November 7, 2007 – 8:30 pm by Hickey

As everyone knows by now, former Dolphins coach Don Shula is up in arms over the possibility of the Patriots matching his ’72 team’s accomplishment of finishing the season undefeated. After all, they were caught cheating in the first half of the first game of the season, therefore nullifying everything they’ve done since then. Right?

Not so much. There are a couple of things Don needs to remember before getting his knickers in a knot.

1. The Patriots actually have to finish the season unbeaten before this discussion is even relevant. And your Dolphins still get to play them again. Where’s the faith, Don? Come on, you know Cam Cam and Cleo Lemon have something special up their sleeves for that one.

2. Shouldn’t the asterisk be placed next to the ’72 Dolphins? Let’s not forget that they only had to play 14 regular season games instead of 16. With two extra games, there’s a chance Miami would have had to play someone good. Not saying they would have lost… but, let’s face it, it’s a lot harder to pull the feat off these days.

3. While I’m at it, am I the only one who is annoyed by the fact that every single NFL season someone starts off say 6-0 everyone starts wondering if they can match the ’72 Dolphins? This year I see as an exception because the Patriots actually are that good. But I think in the future, these discussions shouldn’t start happening until a team is 10-0.


The Bell Biv Devoe moment of the week comes from the sordid world of tennis. The International Tennis Federation is investigating claims that German Tommy Haas was poisoned prior to a Davis Cup semifinal match in Russia by a tainted latte macchiato. Seriously?

First off, I was unaware that anyone was that passionate about tennis — particularly the Davis Cup. Who won the last Davis Cup? And why does it seem like the Davis Cup is awarded three times a year? Also, if someone poisoned Roger Federer, would he be stopped?

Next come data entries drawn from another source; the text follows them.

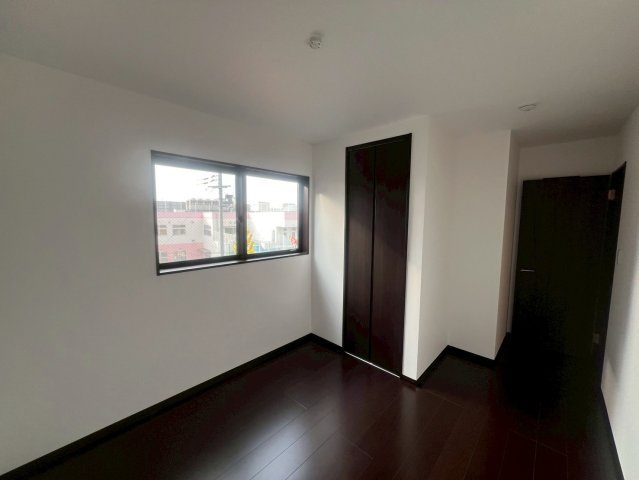 八尾市山本町南3丁目新築戸建の洋室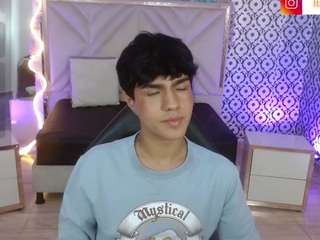damian-tay Sex Cam Show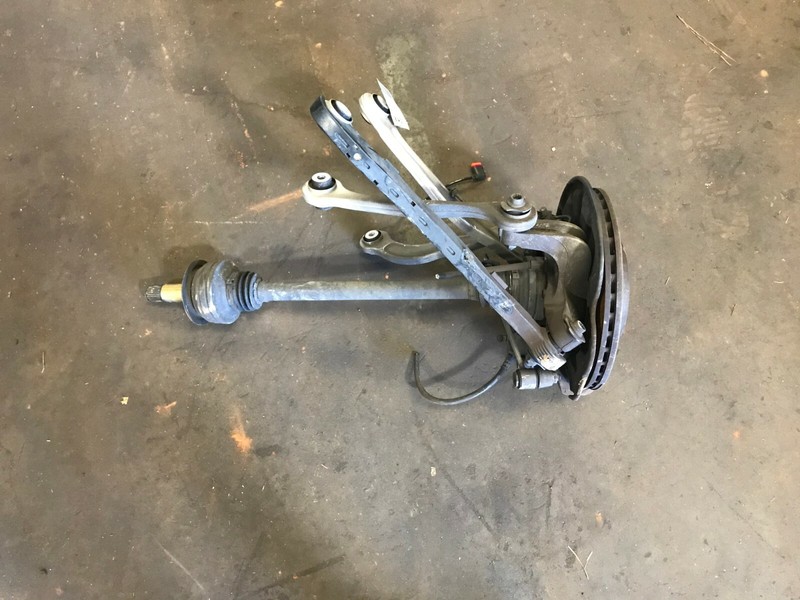2010-2013 MERCEDES S550 W221 REAR LEFT KNUCKLE WHEEL HUB W/ AXLE & ARMS OEM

I kind of doubt it. (And it still wouldn’t be good enough for Sports Illustrated to decide that he’s Sportsman of the Year material.)

But in the world of tennis, I guess nothing should come as a surprise. We’ve got guys throwing matches. Former Wimbledon champs doing blow. The first dog fight can’t be too far behind.

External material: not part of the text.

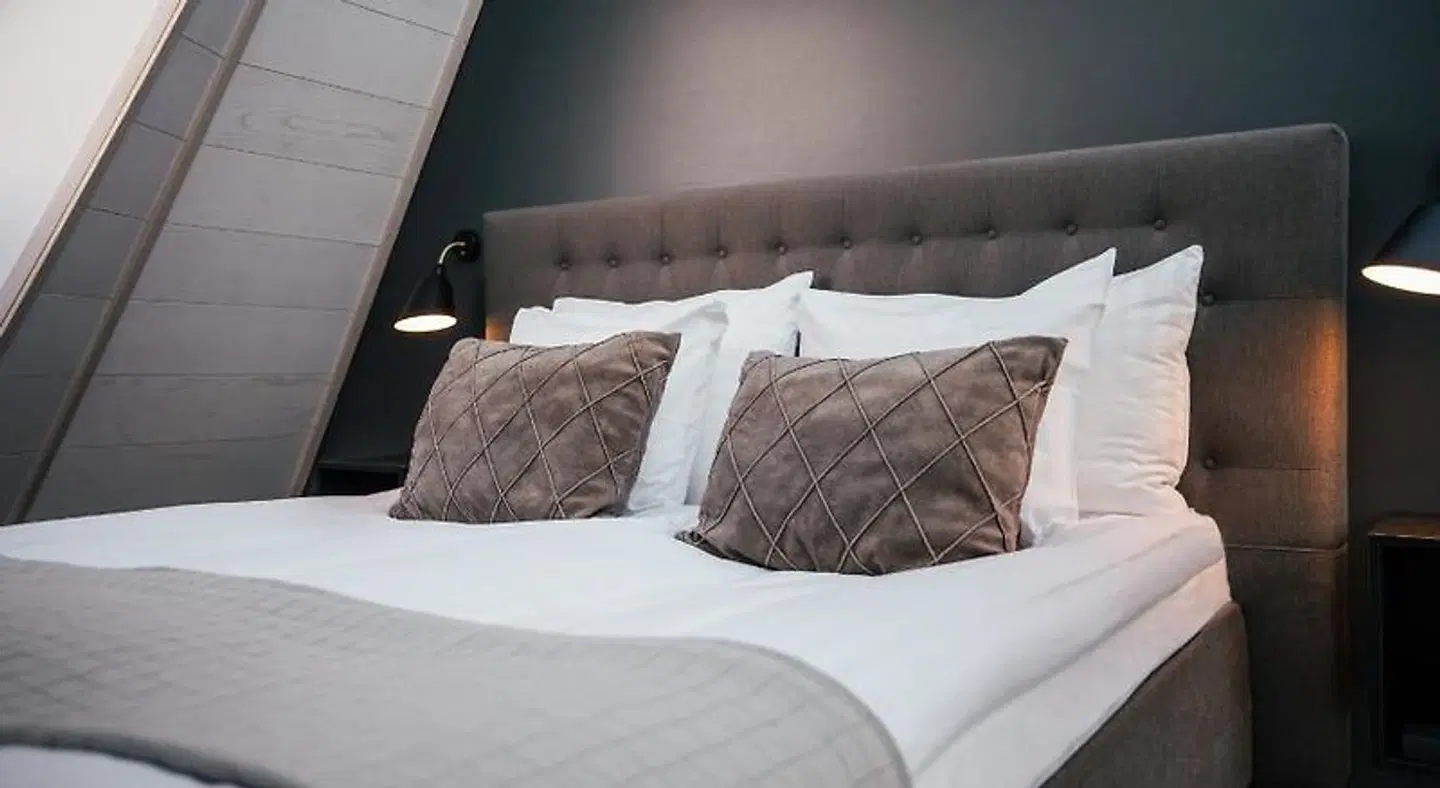 Glass Resort ROOM_EXAMPLE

It appears that the annual Roger Clemens whoring himself out to the highest bidder derby has come to a close. As reported by the Houston Chronicle, Clemens will now work for the Astros as a consultant, which he agreed to do once his career came to a close.

I would imagine it’s probably hard consulting and playing at the same time, so this is probably it for an ageless wonder. But then again, if the price is right, would Roger Clemen$ ever say no? I’ll believe it when I don’t see him trotting back onto the mound at $45 million per start.